IGVF_utils includes tools that are useful to any IGVF Consortium submitting group, as well as the general community working with IGVF data. Library and scripts are coded in Python.
See the wiki to get started.
API and script documentation are available on Read the Docs.
igvf_utils is a fork of encode_utils, a Python API client originally designed for the ENCODE project. The tool has been slightly updated to be compatible with the IGVF database.
Follow these step-by-step instructions to download igvf_utils and its dependencies. This toolset was developed by Nathaniel Watson of Snyder lab. Submissions and patches can be done with a prepackaged script from this toolkit: /MetaDataRegistration/iu_register.py. The installation instructions will help you set up a Python environment and place a copy of this script in your /bin directory for easy use.
Next, you'll need to add your API access keys (these should have been provided to you by your data wrangler). Access keys give you permissions to the server. There are a few environment variables you can set: lab, award, and your access keys. See configuration page for more details. If you have the award and lab properties specified, they will automatically be included as properties in your objects.
You can do this each session:
$ export IGVF_API_KEY='xxxxxx'
$ export IGVF_SECRET_KEY='xxxxxxxx'
Or once globally:
Navigate to where environment variables are stored on your machine. For example, this would be in the .bash_profile or .zshrc files for Mac OS users.
$ cd ~/
$ open .bash_profile
Add the lines:
export IGVF_API_KEY='xxxxxx'
export IGVF_SECRET_KEY='xxxxxxxxx'
You may also specify environment variables corresponding to your lab and award objects' identifiers in the IGVF_AWARD and IGVF_LAB variables respectively in your .bash_profile, which will allow you to skip the award and lab fields when submitting object metadata with iu_register.py:
export IGVF_AWARD='xxxxx'
export IGVF_LAB='your-lab-name'
The Submission example later in this document is written assuming that the IGVF_AWARD and IGVF_LAB environment variables have been defined. If you choose not to do this, be aware that lab and award are required properties you'll have to include in your tab-separated files for gene, phenotypic_feature, and other objects.

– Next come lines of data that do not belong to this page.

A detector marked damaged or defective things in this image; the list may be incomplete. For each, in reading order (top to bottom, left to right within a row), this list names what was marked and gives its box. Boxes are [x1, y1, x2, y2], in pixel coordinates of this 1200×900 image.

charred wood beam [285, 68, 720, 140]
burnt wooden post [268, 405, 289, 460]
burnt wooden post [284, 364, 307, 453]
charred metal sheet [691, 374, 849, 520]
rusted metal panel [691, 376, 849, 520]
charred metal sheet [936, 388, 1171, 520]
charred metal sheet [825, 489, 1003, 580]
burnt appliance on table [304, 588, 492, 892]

igvf_utils has a prepackaged script to allow you to submit to the Portal easily: iu_register.py. Proper installation should place the script in your /bin directory, so once you are in your python environment, you'll be able to run it from your terminal.

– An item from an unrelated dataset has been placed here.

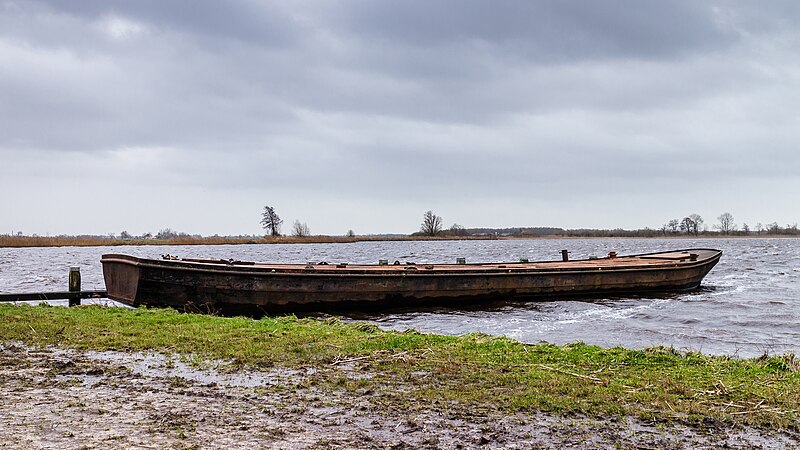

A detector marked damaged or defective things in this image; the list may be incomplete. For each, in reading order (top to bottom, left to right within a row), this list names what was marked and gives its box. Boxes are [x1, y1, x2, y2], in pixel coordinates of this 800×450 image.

There are several arguments you'll need to include when using this script.
Required arguments:
Specification of the server you're submitting to. The IGVF server is referred to as the production server -m prod
, and a special server mirroring production for testing purposes, Sandbox, is referred to as the Sandbox server -m sandbox
.
The DACC strongly encourages you to start with submission to the sandbox server, only proceeding to submission to the production server after validating correctness of the submission to the sandbox server with your data wrangler's help. Again, the two available modes are:
-m prod
-m sandbox
Specification of the object type being submitted, for example:
-p in_vitro_system
-p human_donor
-p tabular_file
Specification of the tab-separated values file containing the metadata values for the object(s) being submitted. For example:
-i tab_separated_file.txt
iu_register.py -m sandbox -p human_donor -i tab_separated_file.txt
Optional arguments:
Specification of a special mode of submission execution that will not result in actual object(s) creation on the Portal, but will validate to some extent the metadata properties specified in the tab-separated values file.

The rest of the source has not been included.